WASHINGTON: A new class of experimental medicines can dramatically lower cholesterol, raising hopes of a fresh option for people who can’t tolerate or don’t get enough help from Lipitor and other statin drugs that have been used for this for decades.
The first large studies of these drugs were presented Saturday at an American College of Cardiology conference in Washington, and more will follow today.
Several companies are developing these drugs, which are aimed at 70 million Americans and millions more worldwide who have high LDL or “bad” cholesterol, a major risk for heart disease.
Three studies of Amgen Inc.’s version of these drugs, called evolocumab (ev-oh-LOKE-you-mab), found it lowered LDL or “bad” cholesterol by 55 to 66 percent from baseline levels compared to others who took a fake drug, and by nearly that much when compared to Merck’s Zetia, another cholesterol medication.
As impressive as that is, it’s still just part of the picture. Doctors want evidence that the way these drugs lower cholesterol also will lead to fewer heart attacks and deaths, because that proof already exists for statins.
New studies are underway to test this, but Amgen said it will seek approval for its drug this year based on cholesterol-lowering alone.

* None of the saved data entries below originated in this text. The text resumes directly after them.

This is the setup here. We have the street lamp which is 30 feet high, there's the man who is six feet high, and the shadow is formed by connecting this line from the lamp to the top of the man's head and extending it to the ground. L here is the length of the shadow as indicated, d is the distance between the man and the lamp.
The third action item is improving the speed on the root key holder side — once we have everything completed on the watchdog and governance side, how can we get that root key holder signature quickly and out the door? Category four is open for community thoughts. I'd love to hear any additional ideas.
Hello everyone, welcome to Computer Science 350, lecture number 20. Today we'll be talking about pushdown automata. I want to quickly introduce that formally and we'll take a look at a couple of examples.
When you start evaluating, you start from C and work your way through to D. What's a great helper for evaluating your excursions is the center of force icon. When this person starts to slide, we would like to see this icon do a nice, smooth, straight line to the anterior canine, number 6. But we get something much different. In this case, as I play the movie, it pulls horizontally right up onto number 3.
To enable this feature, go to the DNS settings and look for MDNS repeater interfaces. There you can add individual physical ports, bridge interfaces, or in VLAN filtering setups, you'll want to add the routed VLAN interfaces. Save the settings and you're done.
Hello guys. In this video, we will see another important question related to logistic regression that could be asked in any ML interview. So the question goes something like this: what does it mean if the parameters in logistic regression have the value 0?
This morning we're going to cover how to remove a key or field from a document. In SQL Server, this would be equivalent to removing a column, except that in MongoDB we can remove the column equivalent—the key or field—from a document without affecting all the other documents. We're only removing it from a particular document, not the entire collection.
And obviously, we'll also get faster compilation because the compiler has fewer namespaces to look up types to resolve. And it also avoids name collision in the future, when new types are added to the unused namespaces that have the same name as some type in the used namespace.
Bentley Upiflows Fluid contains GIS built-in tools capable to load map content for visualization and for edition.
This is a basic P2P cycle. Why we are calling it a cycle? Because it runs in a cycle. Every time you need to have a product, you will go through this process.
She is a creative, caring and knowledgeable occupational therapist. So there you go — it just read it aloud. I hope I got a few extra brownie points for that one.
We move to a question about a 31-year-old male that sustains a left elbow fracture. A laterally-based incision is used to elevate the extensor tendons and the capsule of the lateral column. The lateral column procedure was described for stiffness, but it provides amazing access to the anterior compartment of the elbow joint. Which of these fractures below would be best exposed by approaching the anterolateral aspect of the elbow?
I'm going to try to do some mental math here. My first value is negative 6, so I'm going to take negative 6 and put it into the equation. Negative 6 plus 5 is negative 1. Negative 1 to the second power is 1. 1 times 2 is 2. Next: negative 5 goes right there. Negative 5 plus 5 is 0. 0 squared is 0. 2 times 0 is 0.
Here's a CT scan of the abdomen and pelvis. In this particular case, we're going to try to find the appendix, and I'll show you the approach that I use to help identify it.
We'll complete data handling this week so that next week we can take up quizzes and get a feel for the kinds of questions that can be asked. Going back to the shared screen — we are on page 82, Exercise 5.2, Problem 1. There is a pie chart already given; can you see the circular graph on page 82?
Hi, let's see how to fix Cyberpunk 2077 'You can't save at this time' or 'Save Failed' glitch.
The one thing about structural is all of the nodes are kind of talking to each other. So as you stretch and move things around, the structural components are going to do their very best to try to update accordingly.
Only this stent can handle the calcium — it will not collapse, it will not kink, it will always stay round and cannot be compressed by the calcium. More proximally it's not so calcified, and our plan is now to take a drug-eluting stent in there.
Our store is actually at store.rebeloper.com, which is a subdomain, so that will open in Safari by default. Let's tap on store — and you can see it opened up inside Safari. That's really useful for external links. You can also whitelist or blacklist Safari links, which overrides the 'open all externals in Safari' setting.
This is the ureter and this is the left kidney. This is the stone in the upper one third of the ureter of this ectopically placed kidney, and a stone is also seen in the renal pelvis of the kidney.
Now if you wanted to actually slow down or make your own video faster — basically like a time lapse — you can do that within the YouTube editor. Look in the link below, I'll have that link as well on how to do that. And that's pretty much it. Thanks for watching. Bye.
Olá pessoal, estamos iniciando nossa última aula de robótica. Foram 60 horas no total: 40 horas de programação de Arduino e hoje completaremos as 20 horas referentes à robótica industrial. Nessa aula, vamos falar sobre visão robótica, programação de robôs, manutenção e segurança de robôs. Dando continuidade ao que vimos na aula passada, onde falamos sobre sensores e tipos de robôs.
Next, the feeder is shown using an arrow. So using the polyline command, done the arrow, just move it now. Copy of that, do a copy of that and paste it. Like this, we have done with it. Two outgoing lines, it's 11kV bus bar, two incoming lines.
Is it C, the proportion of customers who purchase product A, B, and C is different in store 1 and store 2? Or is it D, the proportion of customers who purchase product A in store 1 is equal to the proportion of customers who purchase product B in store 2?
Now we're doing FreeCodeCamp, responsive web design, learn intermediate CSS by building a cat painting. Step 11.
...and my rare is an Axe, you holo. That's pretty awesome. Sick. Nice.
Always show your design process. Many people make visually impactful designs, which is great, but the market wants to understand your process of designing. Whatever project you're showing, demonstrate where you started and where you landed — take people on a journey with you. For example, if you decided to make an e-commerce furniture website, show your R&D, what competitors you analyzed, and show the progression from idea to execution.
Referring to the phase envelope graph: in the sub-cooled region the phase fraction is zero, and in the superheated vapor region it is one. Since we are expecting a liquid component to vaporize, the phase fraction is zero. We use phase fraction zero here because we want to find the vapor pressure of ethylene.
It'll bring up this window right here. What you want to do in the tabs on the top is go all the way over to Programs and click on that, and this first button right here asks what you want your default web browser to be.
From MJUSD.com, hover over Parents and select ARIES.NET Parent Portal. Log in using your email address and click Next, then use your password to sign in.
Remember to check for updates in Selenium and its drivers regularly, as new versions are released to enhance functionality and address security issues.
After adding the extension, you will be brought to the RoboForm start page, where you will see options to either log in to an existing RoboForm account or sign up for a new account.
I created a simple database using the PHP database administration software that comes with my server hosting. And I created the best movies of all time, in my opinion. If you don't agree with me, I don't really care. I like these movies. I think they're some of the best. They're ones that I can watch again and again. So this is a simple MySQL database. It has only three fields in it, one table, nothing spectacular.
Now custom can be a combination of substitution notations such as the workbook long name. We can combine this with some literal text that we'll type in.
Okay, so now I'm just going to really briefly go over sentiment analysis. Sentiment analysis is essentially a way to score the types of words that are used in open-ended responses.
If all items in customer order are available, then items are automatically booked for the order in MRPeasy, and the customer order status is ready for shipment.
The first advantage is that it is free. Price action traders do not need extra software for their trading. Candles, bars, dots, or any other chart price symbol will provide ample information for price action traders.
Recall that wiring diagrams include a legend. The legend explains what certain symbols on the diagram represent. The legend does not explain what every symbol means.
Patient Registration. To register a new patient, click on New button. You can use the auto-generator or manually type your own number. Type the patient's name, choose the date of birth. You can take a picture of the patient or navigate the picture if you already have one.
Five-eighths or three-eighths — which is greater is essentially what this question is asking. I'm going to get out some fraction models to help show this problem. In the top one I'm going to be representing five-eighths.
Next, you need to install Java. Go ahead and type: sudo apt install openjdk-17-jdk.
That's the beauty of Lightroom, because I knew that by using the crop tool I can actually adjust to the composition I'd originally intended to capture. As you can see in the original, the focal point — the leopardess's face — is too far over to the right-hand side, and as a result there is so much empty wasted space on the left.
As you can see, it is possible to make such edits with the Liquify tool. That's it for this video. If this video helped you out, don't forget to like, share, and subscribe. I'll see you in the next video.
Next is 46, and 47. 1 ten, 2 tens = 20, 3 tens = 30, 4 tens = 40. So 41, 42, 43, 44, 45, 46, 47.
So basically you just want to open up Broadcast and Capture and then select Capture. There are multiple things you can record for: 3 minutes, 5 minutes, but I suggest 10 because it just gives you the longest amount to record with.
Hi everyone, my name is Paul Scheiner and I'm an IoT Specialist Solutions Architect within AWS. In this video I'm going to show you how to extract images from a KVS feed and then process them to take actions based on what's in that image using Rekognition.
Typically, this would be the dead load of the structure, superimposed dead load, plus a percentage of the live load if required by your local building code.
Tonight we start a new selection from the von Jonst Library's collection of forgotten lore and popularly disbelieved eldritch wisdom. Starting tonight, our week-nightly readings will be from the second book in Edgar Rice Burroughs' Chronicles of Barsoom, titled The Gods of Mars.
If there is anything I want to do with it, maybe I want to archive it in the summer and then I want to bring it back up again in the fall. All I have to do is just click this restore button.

That was enough to win approval for statins and Zetia, but use of Zetia has declined since 2008, when research showed it failed to help prevent heart attacks even though it cut cholesterol. Hopes are high that the new Amgen drug and others like it will do better.
“I would be happy to see it approved” on the cholesterol results alone, said Dr. Hadley Wilson, a cardiologist at Carolinas HealthCare System. “We need additional agents other than statins” to help patients, he said.
Nearly all current cholesterol medicines — fibrates, niacin and top-selling statins — are decades old.
Statins such as Lipitor, Zocor and Crestor curb cholesterol production.
Zetia, which came out about a decade ago, helps block the absorption of cholesterol from the intestine.
The new drugs block PCSK9, a substance that interferes with the liver’s ability to remove cholesterol from the blood.
They have big drawbacks, though.
Statins are pills sold as generics for as little as a dime a day. The new drugs are proteins rather than chemicals, and those tend to be very expensive to make.
They also must be given as shots every two weeks or once a month.
People can give the shots to themselves with a pen-like device.
The companies developing the new medicines have not said what they might cost.